If you live in California, are in the military serving our country and think that you may have a lemon vehicle, there is a California lemon law bill which took effect January 1, 2008 that you should know about. California has been a leader in protecting consumers who bought lemon vehicles, but before 2008 the law stated that if you were to pursue a lemon law case, one of the stipulations was that the vehicle must have been bought in California. The new bill (SB234), sponsored by state Senator Ellen Corbett, extends the protection to all active duty military personnel stationed in California as long as the vehicle was purchased in the United States.

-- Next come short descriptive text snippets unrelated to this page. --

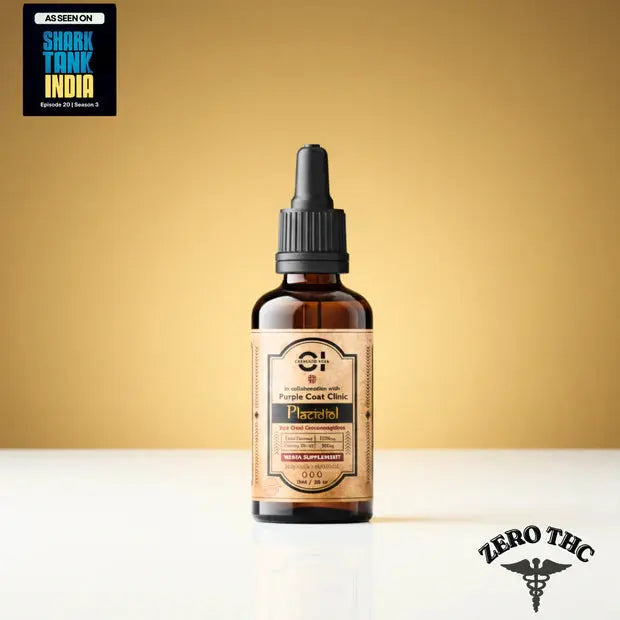 Cannazo Placidiol Pure CBD Drops (THC-Free) | Brain, Epilepsy & Neurological Support | 2500mg/5mL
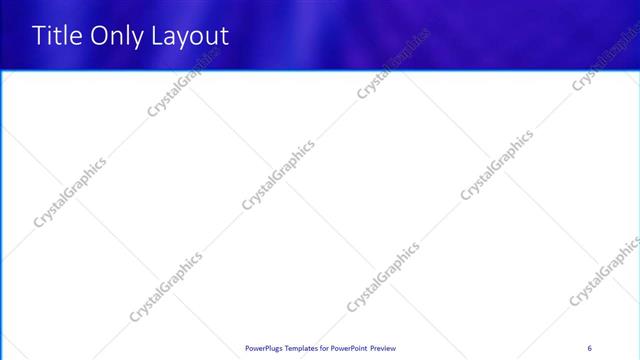 Title Only presentation slide layout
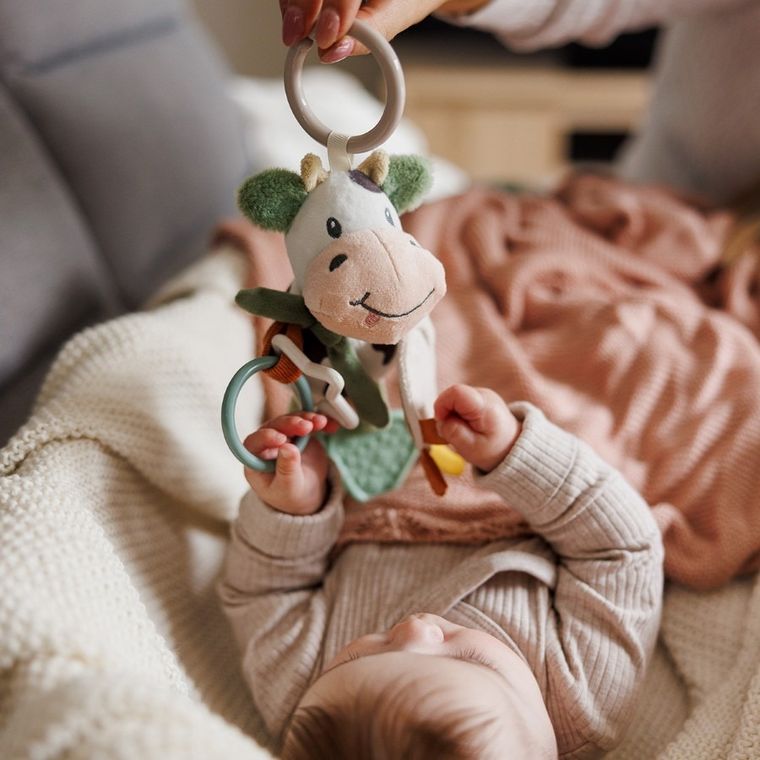 BabyOno, Cow Bingo, zawieszka sensoryczna z gryzakiem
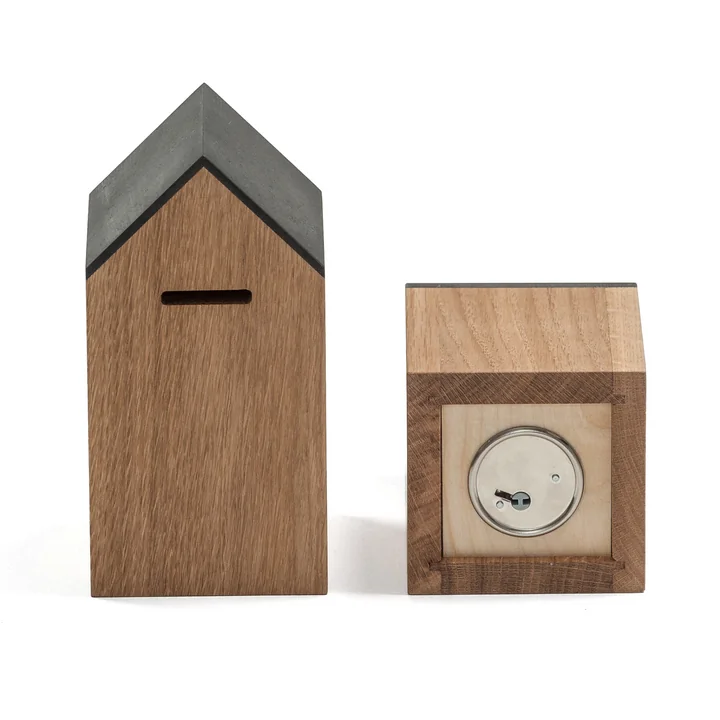 side by side - Sparhaus, groß, 155 x 80 cm, Eiche geölt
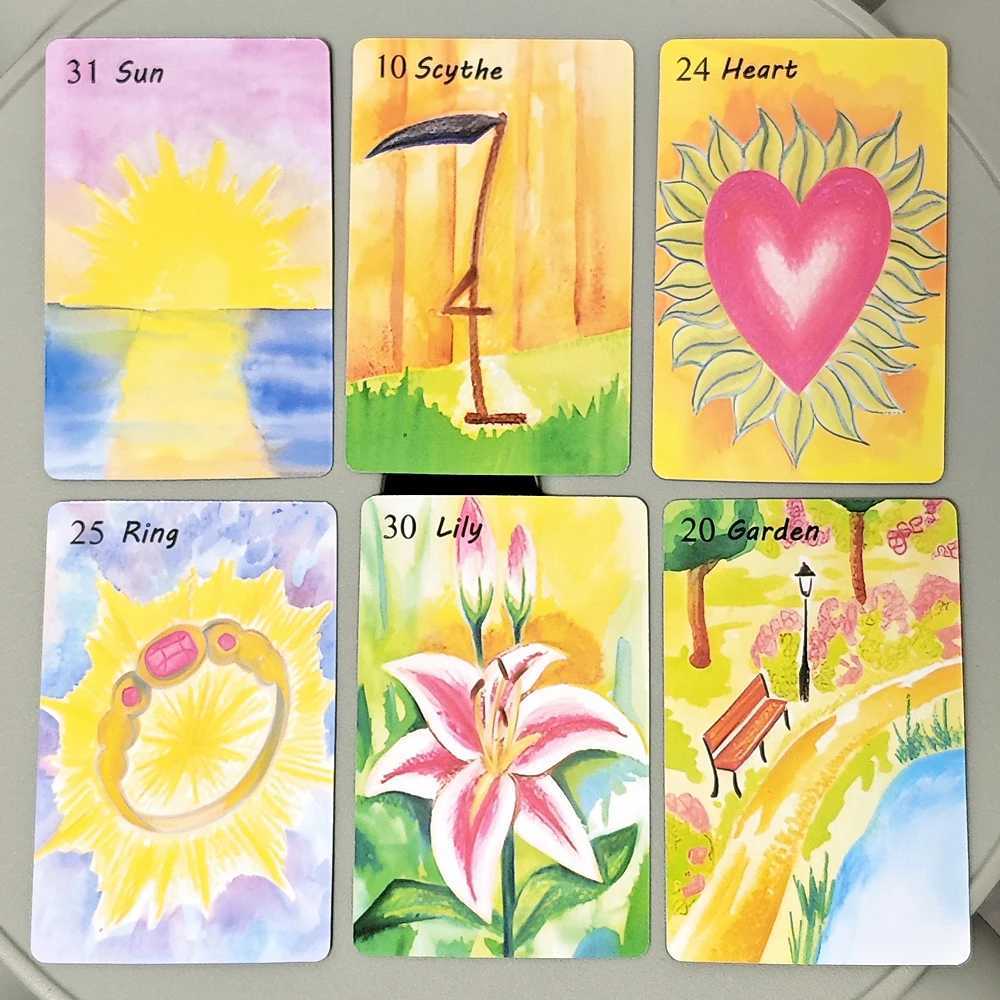 Rana System 96cm Watercolor Painting Lenormand Deck 42 Pcs Lenormand Cards C251114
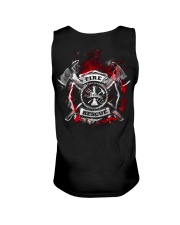 Firefighter Fire Rescue Unisex Tank thumbnail
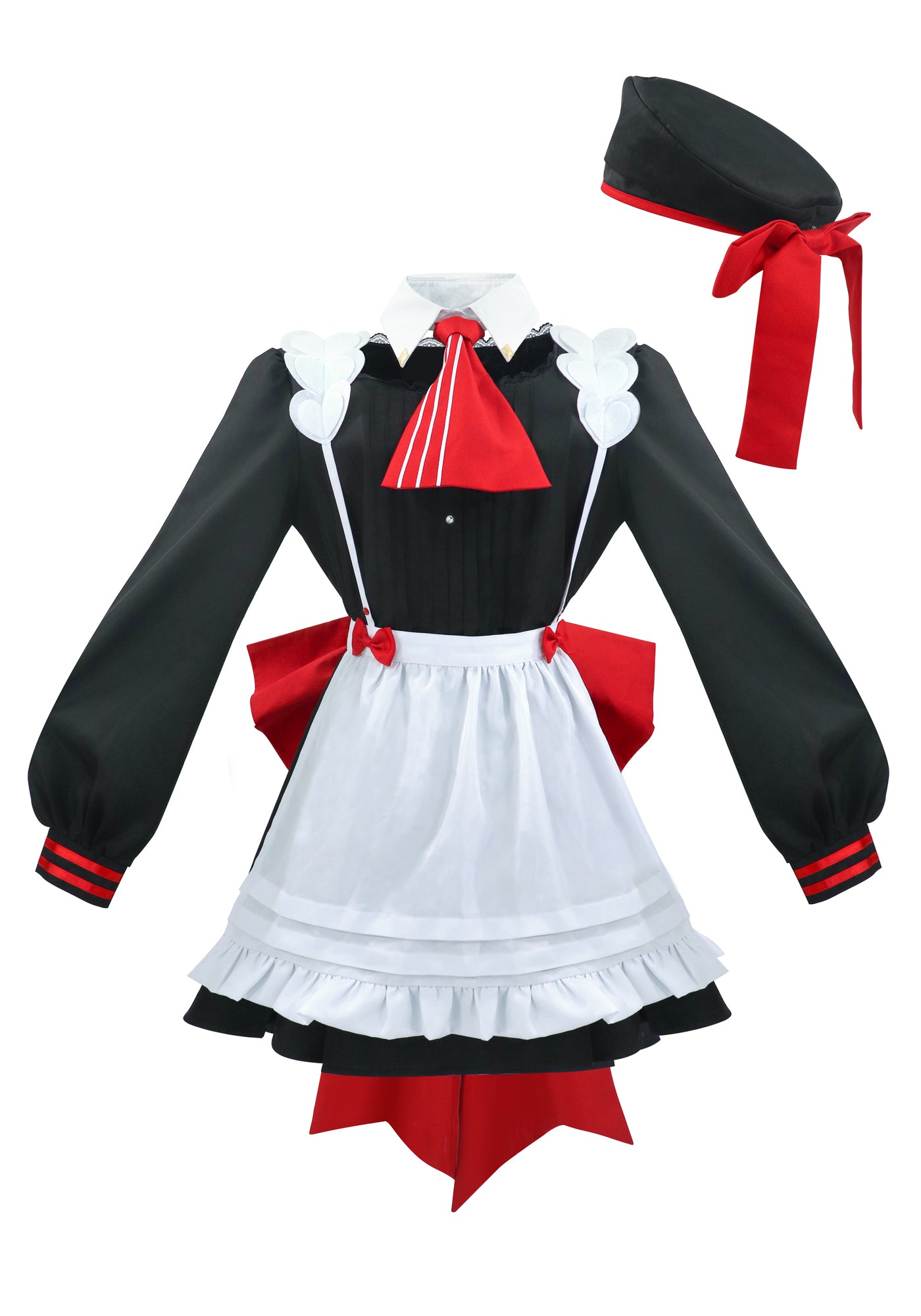 DAZCOS Womens US Size Noelle Cosplay Genshine Costume Maid Dress Uniform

The law was inspired by the lemon problems of Lt. Nathan Kindig, serving in the United States Navy as a physician assistant. He was looking for a safe and reliable vehicle for his family to drive while he was stationed overseas in Iraq. Shortly after buying a 2004 Dodge Dakota, the vehicle started having problems with the engine overheating. After many repair attempts, the dealership labeled the vehicle as unrepairable, clearly making it a lemon. Because the vehicle was not purchased in California, Kindig could not pursue a buyback under the California lemon law. After hiring a lawyer and continuing to pay for a vehicle that could not be driven, the dealership agreed to repurchase the lemon on terms that would cost Kindig thousands of dollars, as Chrysler refused to use the traditional lemon law offset formula and demanded a specific offset amount.
California was the first state in the nation to specifically protect active duty military troops whose vehicles are “lemons”, regardless where their vehicles are purchased or registered. The bill attracted widespread bi-partisan support, and was passed unanimously in both houses of the California Assembly before the Governor signed it into law. Today, many states have adapted their lemon law statutes to include protection to help military members who have purchased defective vehicles which turn out to be lemons.